By the miracles of Egypt, the false views and corrupt habits of the Israelites were, for the time being, in a great measure removed. Previously they had believed in a plurality of gods; and although they remembered the God of Abraham, yet they had, as is evident from notices in the Bible, associated with his attribute of almighty power (the only attribute well understood by the patriarchs) many of the corrupt attributes of the Egyptian idols. Thus the idea of God was debased by having grovelling and corrupt attributes superinduced upon it. By miraculous agency these dishonourable views of the Divine character were removed; their minds were emptied of false impressions in order that they might be furnished with the true idea and the true attributes of the Supreme Being.

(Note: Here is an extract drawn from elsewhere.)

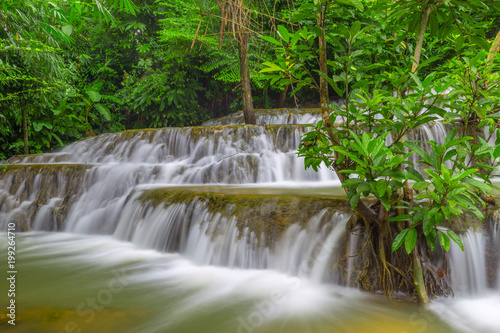 Fototapeta Naklejka Na Ścianę i Meble -  Noppiboon waterfall in Tropical Rain Forest at  Sangkhlaburi , Kanchanaburi Province, Thailand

But how, to minds in the infancy of knowledge respecting God and human duty--having all they had previously learned removed, and being now about to take the first step in their progress--how could the first principles of Divine knowledge be conveyed to such minds?

One thing, in the outset, would evidently be necessary. Knowledge, as the mind is constituted, can be communicated in no other way than progressively; it would be necessary, therefore, that they should begin with the elementary principles, and proceed through all the stages of their education. The mind cannot receive at once all the parts of a system in religion, science, or any other department of human knowledge. One fact or idea must be predicated upon another, just as one stone rests upon another, from the foundation to the top of the building. There are successive steps in the acquisition of knowledge, and every step in the mind's progress must be taken from advances already made. God has inwrought the law of progression into the nature of things, and observes it in his own works. From the springing of a blade to the formation of the mind, or of a world, every thing goes forward by consecutive steps.

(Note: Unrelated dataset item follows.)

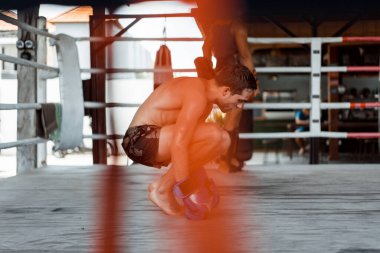 Ringde Muay Thai antrenörüyle antrenman yapmak. Dövmeli beyaz adam ve Asyalı antrenör. Muay thai eğitimi.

It was necessary, therefore, in view of the established laws of the mind, that the knowledge of God and human duty should be imparted to the Israelites by successive communications--necessary that there should be a first step, or primary principle, for a starting point, and then a progression onward and upward to perfection.

In accordance with these principles, God, in the introduction of the Mosaic dispensation, revealed only his essential existence to the Israelites. In Exodus iii. 13, 14, it is stated that Moses inquired of God, 'Behold, when I come unto the children of Israel, and shall say unto them, The God of your fathers hath sent me unto you; and they shall say to me, What is his name? what shall I say unto them? And God said, I AM THAT I AM: and he said, Thus shalt thou say unto the children of Israel, I AM hath sent me unto you.' In the Hebrew text, the simple form of the verb is used, corresponding with the first person present, indicative, of the English verb _to be_. Simply, 'I am,' conveying no idea but that of personality and existence. WHAT HE was, besides his existence thus revealed, was afterwards to be learned. This was a revelation of Divine BEING--a nucleus of essential Deity, as a foundation fact of the then new dispensation, upon which God, by future manifestations, might engraft the attributes of his nature.

Thus, at the outset of the dispensation, there was thrown into their minds a first truth. God revealed his Divine existence; and the idea of God, thus revealed, was in their minds, without any other attribute being connected with it than that of infinite power--an attribute of the Godhead which all men derive from the works of nature--which was known to the patriarchs as belonging to the true God, and which was now, by the miracles manifesting supreme power, appropriated to I AM--Jehovah--the God of the Israelites.

Thus were this peculiar people carried back to the first principles of natural religion--their mind disembarrassed from false notions previously entertained, and the true idea of the supreme God and Judge of men revealed. By these providences, they were prepared, in a manner consistent with the nature of things and the nature of mind, to receive a further revelation of the moral attributes of Jehovah, whom they now recognised as the Supreme God.